* _Exercise goal_
The required answer is an exact copy of every line from the beginning of the entries through the line with "Good morning, how", with all pictures omitted.

Data for review section start

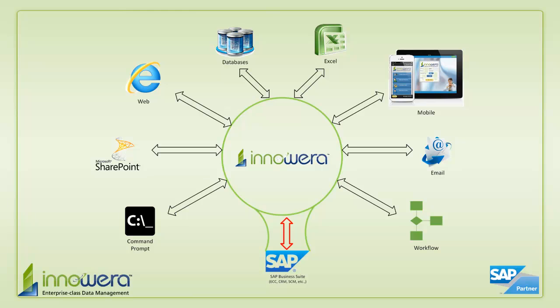Thanks for watching and if you'd like to learn more about how to simplify SAP, visit us at inoware.com and be on the lookout for more videos in this series.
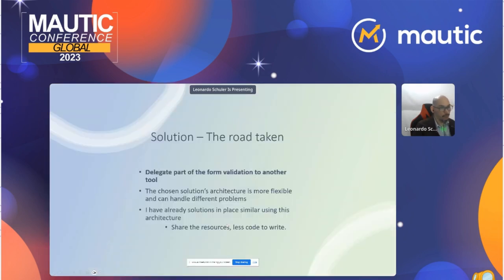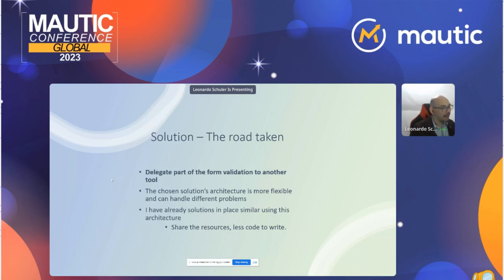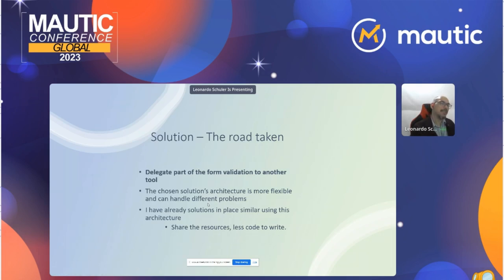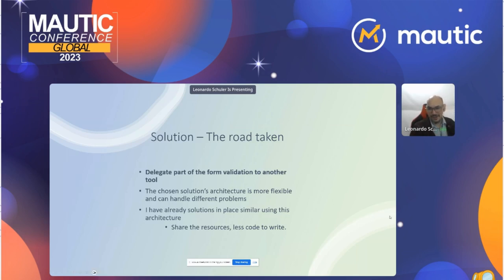What I did — the road taken — was to delegate part of the form validation to another tool. That solution has a more flexible architecture: you can choose the language or tool you want to use. I already had a similar solution in place for a different problem, so I already had shared resources to build on.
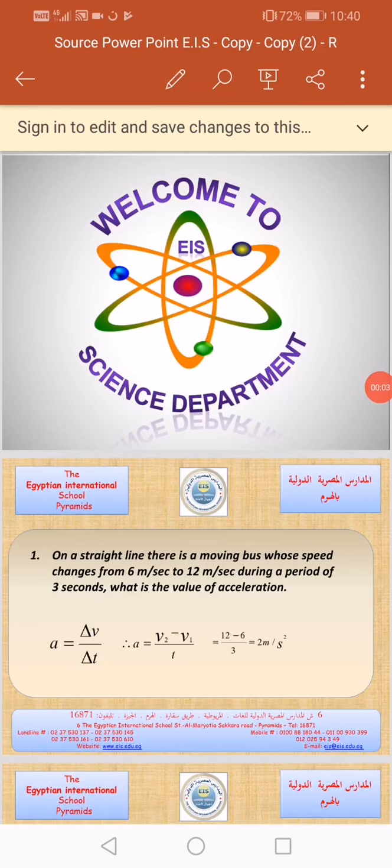Good morning, how are you today? My name is Nasreen and today we will make many exercises about how we can calculate the acceleration.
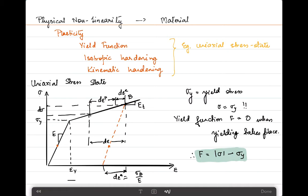As a recap: the total strain is composed of an elastic plus plastic contribution. When the material is unloaded and is not perfectly plastic — meaning the tangent stiffness is not zero — unloading follows the same slope as the elastic modulus E, from which you can define the elastic strain contribution hypothetically.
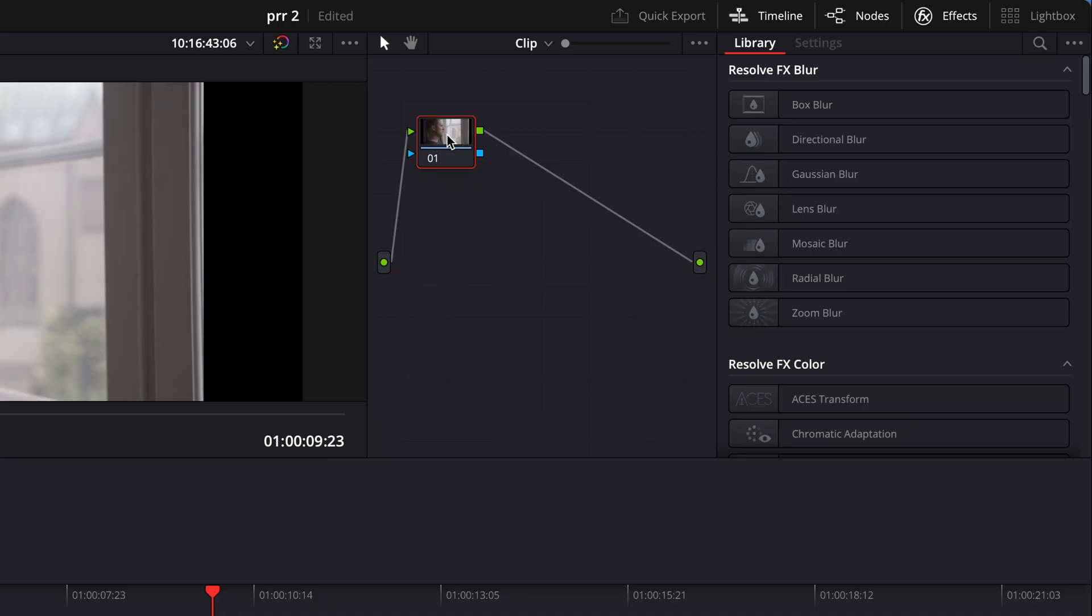Once we have a clip in the timeline, we want to convert it from Blackmagic to DaVinci Wide Gamut because we want to do all the adjustments in a larger color space container. So let's start by doing a color transform sandwich. I'm gonna create one, two, three nodes.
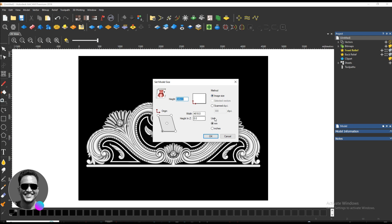Set the width and height, then press OK.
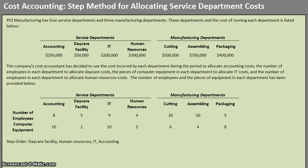Hello and welcome to another TLC Tutoring Company accounting video. Here we're going to be going over the STEP method for allocating service department costs. We highly recommend that if you do not already understand how allocating costs works, you watch the direct method video first, so we can stick with the STEP method without having to explain how allocation in general works.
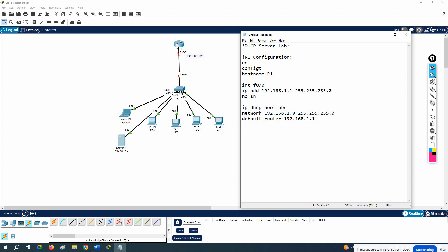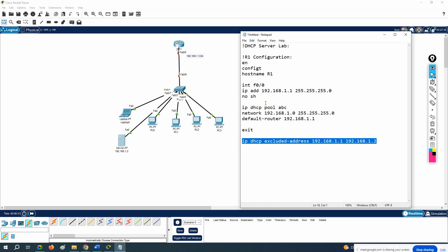To exclude IPs, use the command: ip dhcp excluded-address, followed by the range you want to exclude. For example, exclude from 192.168.1.1 to 192.168.1.2 to reserve those IPs. This tells the DHCP server not to use those addresses when assigning IPs to client machines.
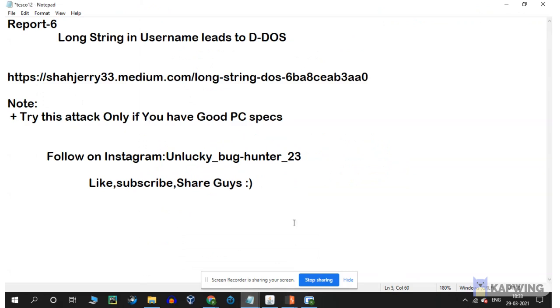Hello guys, welcome to Unlucky Bug Hunter. Now we're going to talk about the topic of long string in username leads to DDoS. This is a very simple bug.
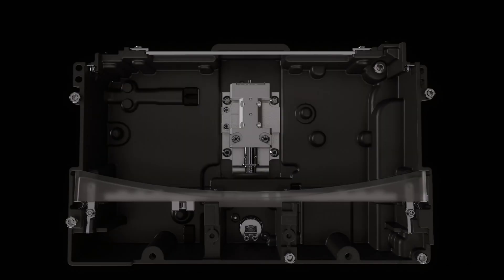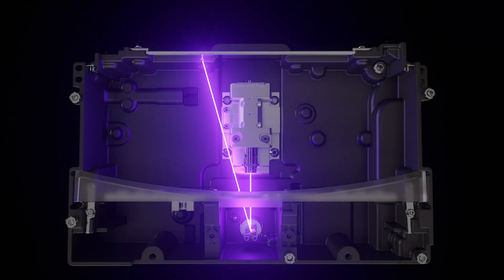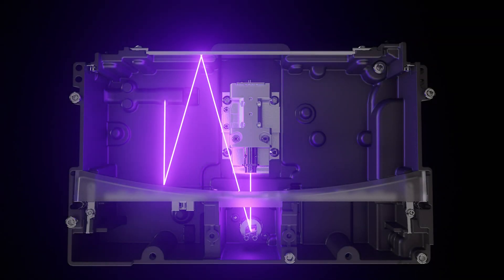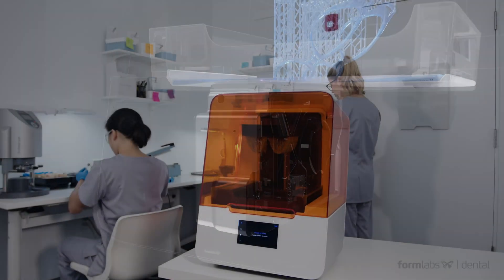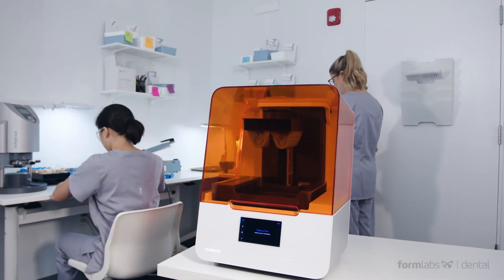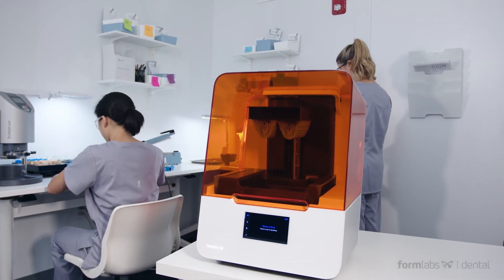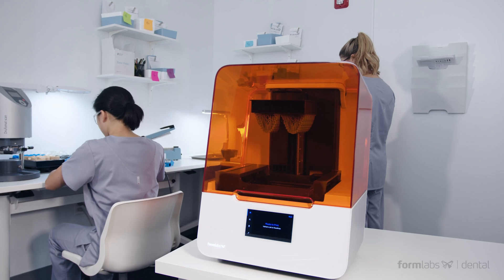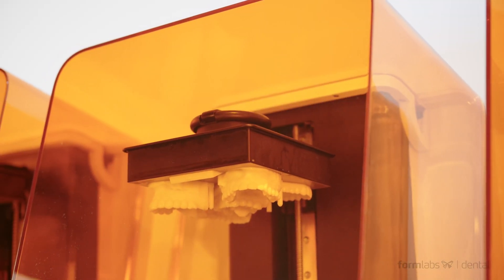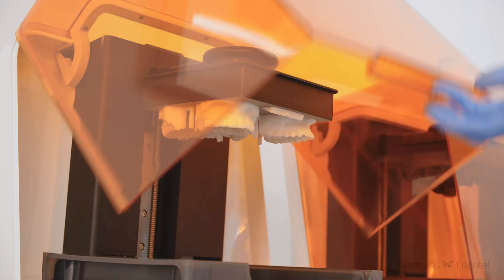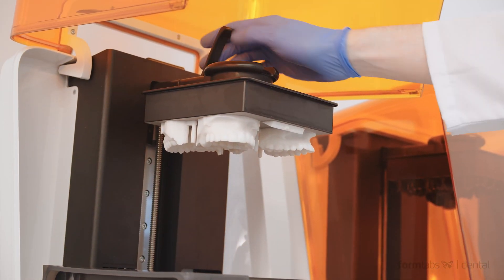A suite of new technologies like our proprietary low-force stereolithography and the new self-contained optics engine help the Form 3B take digital fabrication to the next level, allowing ortho practices to save time and costs by printing large batches of models all at once.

Data for review section end

* _Solution for this task_
Thanks for watching and if you'd like to learn more about how to simplify SAP, visit us at inoware.com and be on the lookout for more videos in this series.
What I did — the road taken — was to delegate part of the form validation to another tool. That solution has a more flexible architecture: you can choose the language or tool you want to use. I already had a similar solution in place for a different problem, so I already had shared resources to build on.
Good morning, how are you today? My name is Nasreen and today we will make many exercises about how we can calculate the acceleration.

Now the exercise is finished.